Everything I Fear to Lose
“If anyone comes to me and does not hate his own father and mother and wife and children and brothers and sisters, yes, and even his own life, he cannot be my disciple… So therefore, any one of you who does not renounce all that he has cannot be my disciple.” —Jesus (Matthew 14:26, 33)
When I began watching the Star Wars saga in December 2011, I’d just found out that I was pregnant with my son. Though I did not consider myself to be an anxious person, I began struggling with profound anxiety after several complications with my pregnancy arose. I became plagued with irrational fears—mostly fears of loss—that were so intense I would often go days at a time with only a few hours of sleep. Though most of these anxieties were assuaged shortly after the birth of our healthy son, I still experience moments of sudden, intense panic in which I feel the weight of a loss that hasn’t even occurred.
I can relate to a man—even a Jedi—who feels burdened with the task of saving his loved ones. Anakin oscillates from his commitment to the Jedi Way to his commitment to his immediate, concrete needs. He seeks Yoda plagued with an urgent dilemma, and the counsel he’s given seems too abstract to feel applicable.
This is where Anakin fails. This is where I, too, often fail. In the face of urgency abstract advice seems to serve no concrete purpose, so instead of attempting to reconcile the two things, I seek out my own methods of controlling fear. Anakin falls prey to this temptation too, and, ironically, his attempt to control the loss he fears is what causes his loss in the first place. Darth Sidious chips away at Anakin’s commitment to the Jedi Way by playing into his pride, by conflating morality with immorality, and, ultimately, by leveraging his fear of loss.
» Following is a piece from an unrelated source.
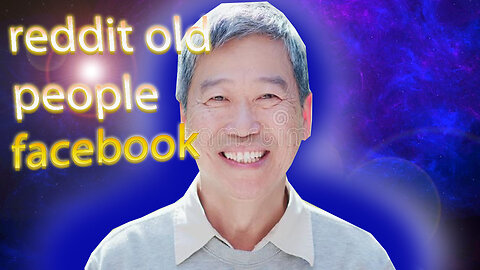 reddit old people facebook ep1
Jesus’ words in Matthew 14:26, 33 sometimes feel a lot to me like I imagine Yoda’s words felt to Anakin. They feel threatening and unobtainable and, if I’m being honest, something unworthy of being obtained. When I approach this command to forsake everything I hold most dear with an attitude of fear, my instinct is to cling tightly to the things I only imagine I control anyway. And when I approach this command in that way, I miss the freeing, beautiful truth in Jesus’ words: There is no fulfillment in loving other things if I love them before God. There is nothing righteous or good in that, and, ultimately, it is a counterfeit way to love those around me—something that cannot be sustained.
A New Anakin
To me, the most poignant scene in all of the Star Wars films was the final battle between Anakin and Obi-wan Kenobi. The words he screams to Anakin, maybe even to himself, end the prequels—which had fallen flat in many ways—in a truly powerful way: “You were the chosen one! It was said that you would destroy the Sith, not join them. You were to bring balance to the force, not leave it in darkness.”
The refrain is bitter-sweet, and most viewers enjoy the scene with an advantage Obi-wan did not have: foreknowledge of Luke Skywalker—of a new hope, born of the despair Anakin’s fear wrought on the galaxy.
In much the same way, Christians are privy to foreknowledge of Christ and His coming. It casts a sheen of hope on dark times, and it makes phrases like “train yourself to let go of everything you fear to lose” more palatable than they could ever be otherwise. Because, though we are not promised good things here, we absorb them with the knowledge that there is reconciliation to come. We are able to absorb otherwise trite comments to have peace in suffering because we serve a God who has given us a way to make that abstract admonishment a literal solution. Yes, there is temporal pain, but there is eventual reconciliation that will carry us into eternity.
That, more than anything else, is what I have found accessible, worthwhile, and holistically good about the Star Wars saga.